Friends gave me laughter when I thought I didn’t have any. It gave me funny storylines and ridiculous love stories. Friends gave my silly things to focus on and characters who are oh-so relatable.

And it’s still that way. Friends, especially now that I’m actually in my 20s and getting ready to face the real world, is relatable. They all struggle with love, money, feeling accepted in who they are, and just being happy and being themselves. And aren’t we all?

That’s the point of the show – for decades of twenty-something year olds to appreciate and laugh along with and cry in happiness when amazing things happen to them. For people to root for Monica and Chandler, and to commiserate with Rachel and Ross over romantic woes. For people to appreciate Phoebe’s struggles with money and family, and Joey’s struggles with following his passion.

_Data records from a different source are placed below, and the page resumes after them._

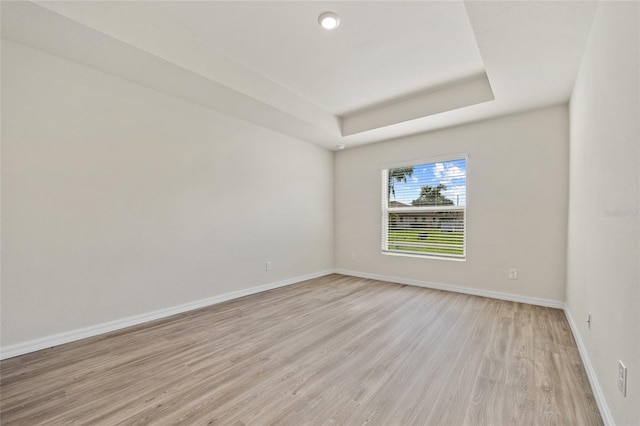 unfurnished room with a tray ceiling and light wood-type flooring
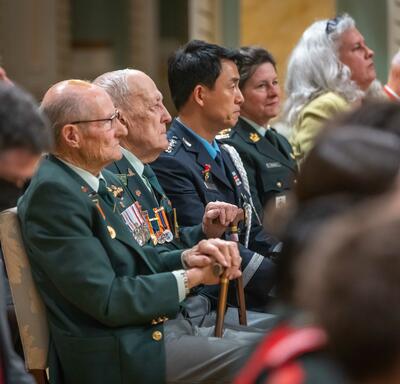 An audience of people are seated in rows.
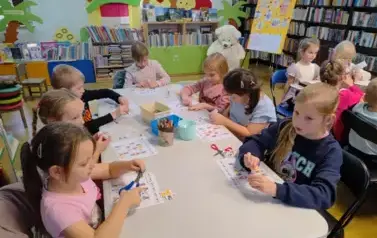 Dzieci siedzą przy stołach i naklejają w odpowiednie budki misie bawiąc się w misiowe sudoku.
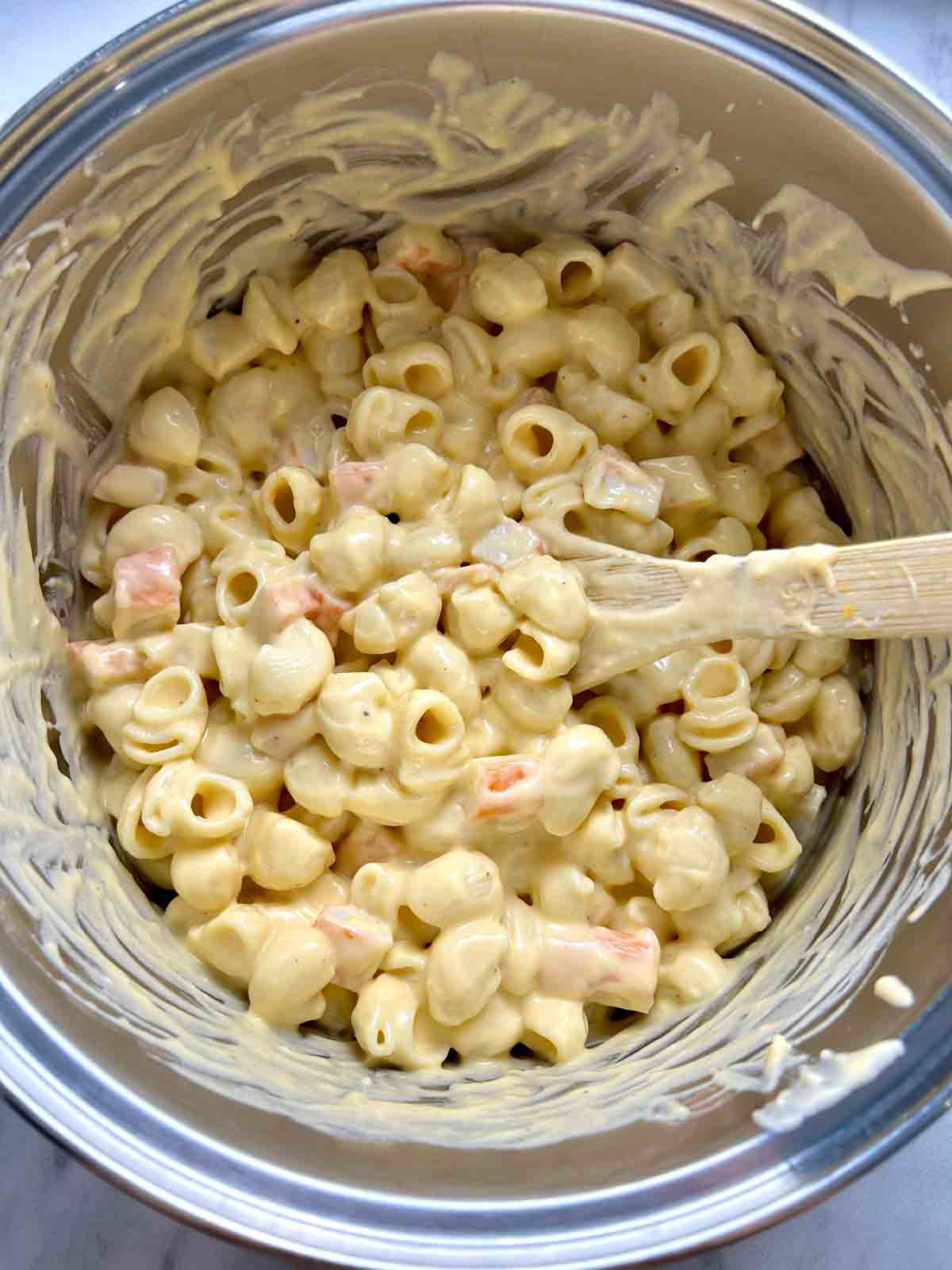 macaroni after being mixed with cheese sauce and imitation crab.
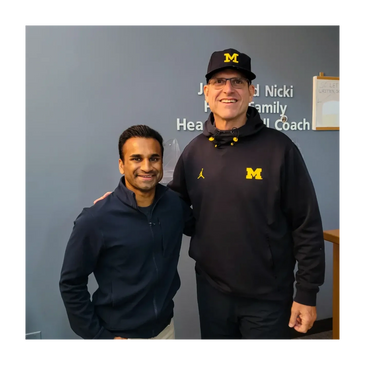 Chin Weerappuli with Coach Jim Harbaugh
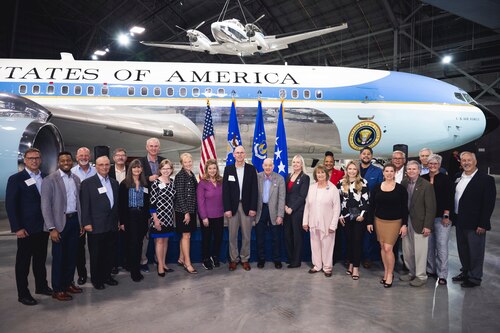 group photo in front of Air Force One at museum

All of it is so relatable.

And it makes you feel less alone. Instead of wondering if anyone else has ever felt the same way, I can turn to Friends. It sounds silly, and maybe a little dumb, to be thankful for a TV show that started before I was born, but it helps me – and I’ll do anything to make myself happy some days.

Friends is one of the things in my life with no drama. There’s never any gossip, any kickback, any judgment for liking it. There’s nothing anyone can say or do to make me feel bad for enjoying turning on Netflix to the next episode. Friends just is and that is exactly what I need.

When it feels like my friends couldn’t care less about me, I can care about Friends. When I feel put down, sad, or I just need a good laugh, I can turn to Friends. And when I want to put my focus on being a hopeless romantic, I can watch Monica and Chandler fall in love in their own weird way. When I need anything, I know there’s an episode for that.

Without being cliché, Friends is “there for me.”